If 10 calories of heat are added to two grams of liquid water what is the temperature of the water
To determine the change in temperature of the water when 10 calories of heat are added, you need to use the specific heat capacity formula:
Q = mcΔT
Where:
Q = amount of heat added (in calories)
m = mass of the substance (in grams)
c = specific heat capacity of the substance (in cal/g°C)
ΔT = change in temperature (in °C)
In this case, we have:
Q = 10 calories (heat added)
m = 2 grams (mass of water)
To find the specific heat capacity of water, the value is approximately 1 calorie/gram°C.
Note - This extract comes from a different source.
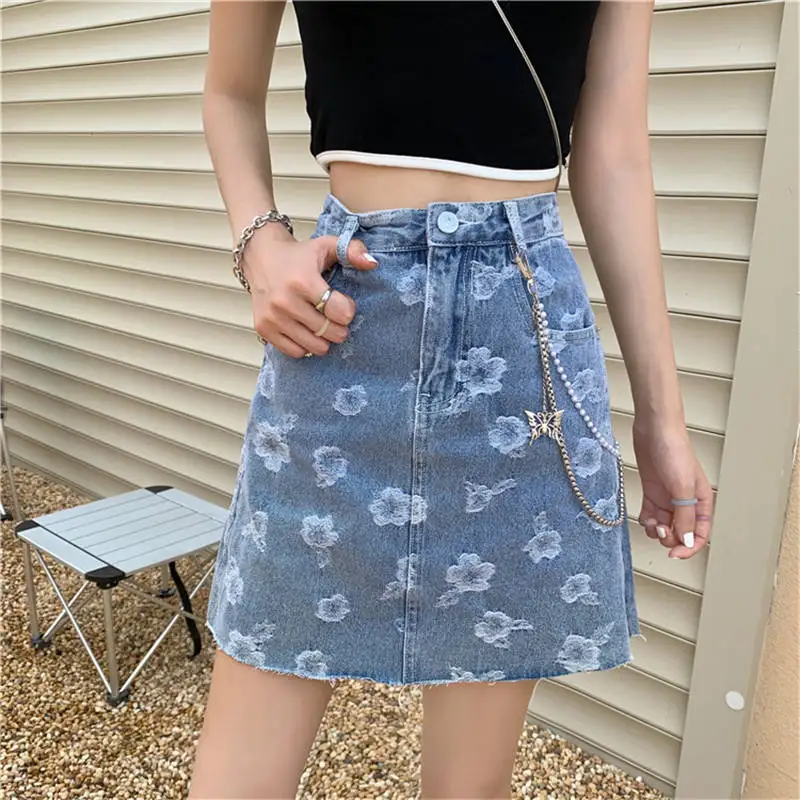 Hzirip 2021 Printing Floral Slim Denim Mini Skirt Offect Ladies A-Line High Waist Skirt Sweet Girl Korean Loose Fashion
Hzirip 2021 Printing Floral Slim Denim Mini Skirt Offect Ladies A-Line High Waist Skirt Sweet Girl Korean Loose Fashion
Plugging these values into the formula:
10 calories = 2 grams * 1 calorie/gram°C * ΔT
Simplifying the equation:
10 calories = 2 calories/°C * ΔT
Divide both sides of the equation by 2 calories/°C:
10 calories / (2 calories/°C) = ΔT
This gives us:
5°C = ΔT
So, when 10 calories of heat are added to two grams of liquid water, the temperature of the water will increase by 5 degrees Celsius.
To calculate the temperature change of the water, you can use the formula:
Q = m * c * ΔT
Where:
Q = Heat energy (calories)
m = Mass of the water (grams)
c = Specific heat capacity of water (calories/gram°C)
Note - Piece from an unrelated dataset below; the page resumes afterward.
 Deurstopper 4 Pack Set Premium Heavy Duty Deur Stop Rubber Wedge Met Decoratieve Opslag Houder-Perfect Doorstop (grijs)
ΔT = Change in temperature (°C)
In this case, you have 10 calories of heat energy added to 2 grams of water. The specific heat capacity of water is approximately 1 calorie/gram°C.
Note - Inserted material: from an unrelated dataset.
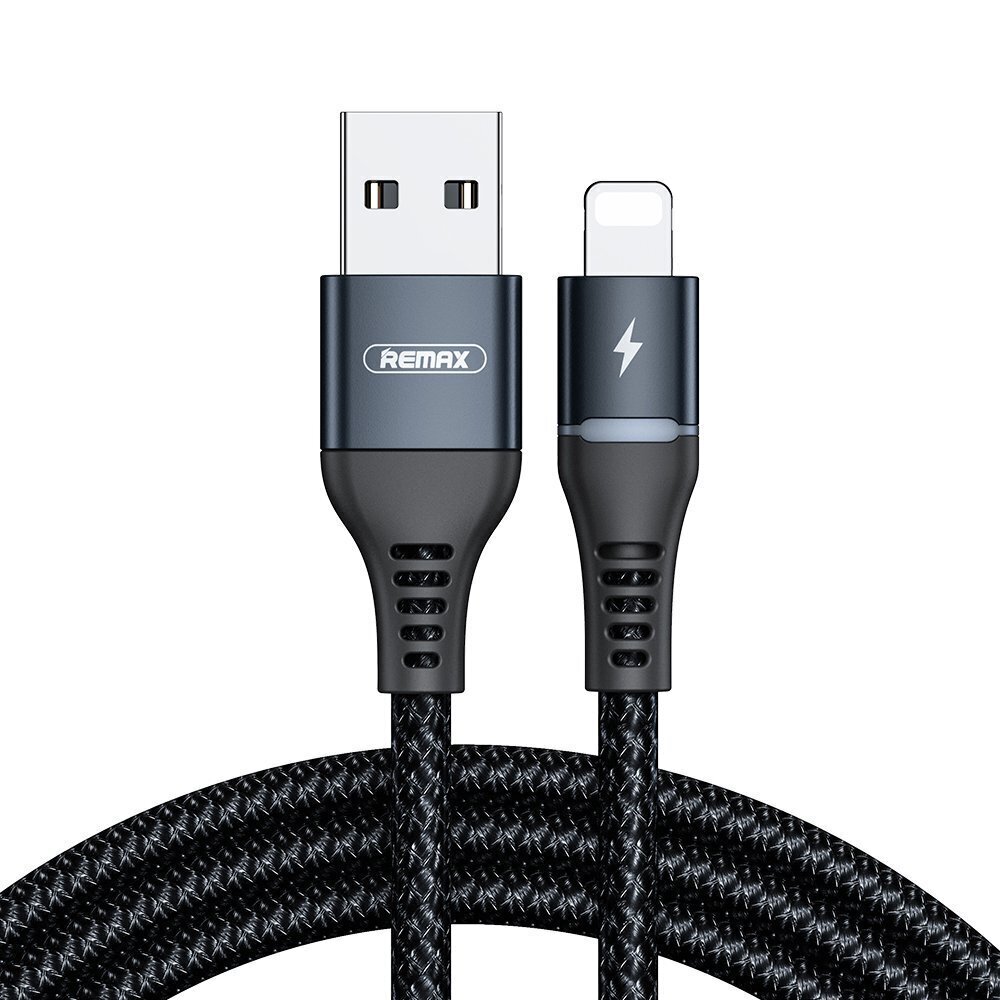 Kaabel Remax Durable Nylon Braided, USB - Lightning, 1 m, must цена и информация | Mobiiltelefonide kaablid | kaup24.ee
Substituting the given values into the formula:
10 calories = 2 grams * 1 calorie/gram°C * ΔT
Simplifying the equation:
10 calories = 2 calories/°C * ΔT
Dividing both sides of the equation by 2 calories/°C:
ΔT = 10 calories / 2 calories/°C
Calculating the result:
ΔT = 5 °C
Therefore, the temperature of the water will increase by 5 degrees Celsius.
If you don't know the temperature at the start you can't know the final T; however, you can calculate delta T.
q = m*c*delta T
10 = 2 x 1 x dT. Solve for delta T. I get T will be 5 degrees C warmer than where it started.